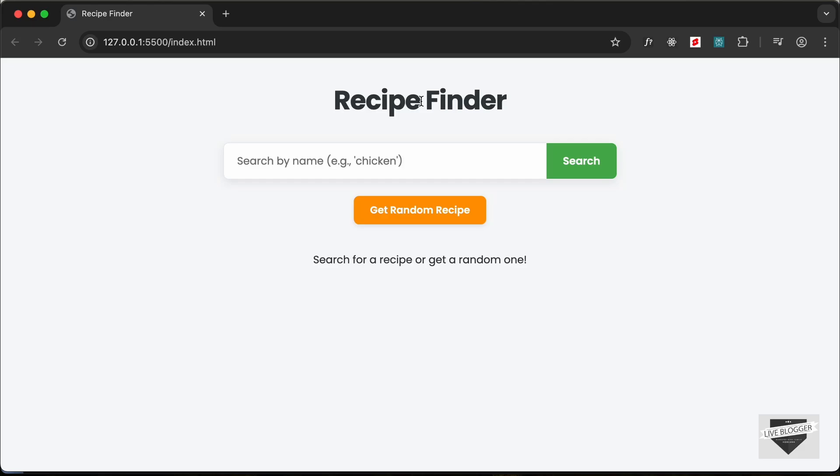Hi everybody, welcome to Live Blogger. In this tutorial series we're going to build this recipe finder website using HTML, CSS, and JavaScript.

* * *

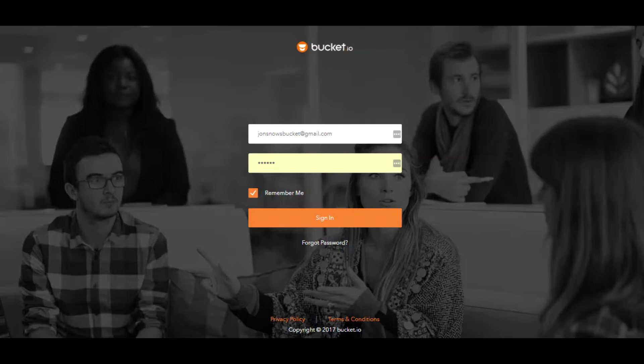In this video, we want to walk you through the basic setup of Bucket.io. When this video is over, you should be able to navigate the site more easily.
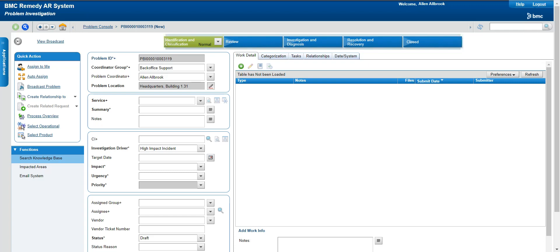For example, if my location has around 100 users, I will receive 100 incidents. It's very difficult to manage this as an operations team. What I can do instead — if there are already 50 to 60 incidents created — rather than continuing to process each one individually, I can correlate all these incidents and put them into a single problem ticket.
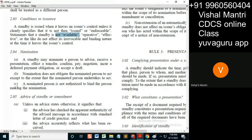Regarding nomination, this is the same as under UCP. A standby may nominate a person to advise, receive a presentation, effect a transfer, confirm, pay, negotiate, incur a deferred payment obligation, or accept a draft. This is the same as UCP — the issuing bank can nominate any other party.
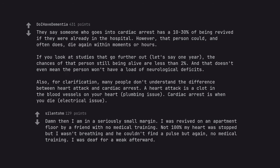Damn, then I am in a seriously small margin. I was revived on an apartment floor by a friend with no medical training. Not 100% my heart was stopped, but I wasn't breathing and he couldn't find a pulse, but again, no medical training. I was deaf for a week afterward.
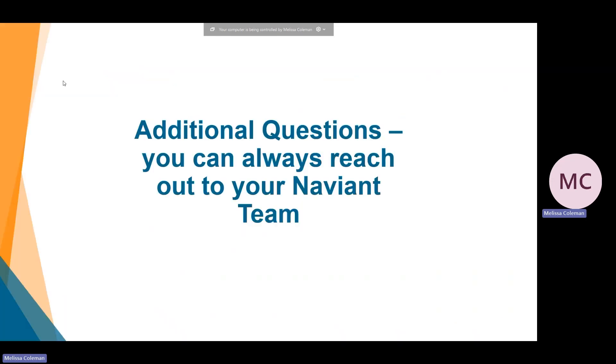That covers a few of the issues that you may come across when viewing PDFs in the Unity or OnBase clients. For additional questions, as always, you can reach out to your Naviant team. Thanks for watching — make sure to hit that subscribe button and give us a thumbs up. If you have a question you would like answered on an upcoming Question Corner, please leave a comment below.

What is expected:
Every line from the one with "In this video, we" through the one with "Regarding nomination, this" is to be reproduced exactly as written above, and the pictures are to be dropped.

Answer:
In this video, we want to walk you through the basic setup of Bucket.io. When this video is over, you should be able to navigate the site more easily.
For example, if my location has around 100 users, I will receive 100 incidents. It's very difficult to manage this as an operations team. What I can do instead — if there are already 50 to 60 incidents created — rather than continuing to process each one individually, I can correlate all these incidents and put them into a single problem ticket.
Regarding nomination, this is the same as under UCP. A standby may nominate a person to advise, receive a presentation, effect a transfer, confirm, pay, negotiate, incur a deferred payment obligation, or accept a draft. This is the same as UCP — the issuing bank can nominate any other party.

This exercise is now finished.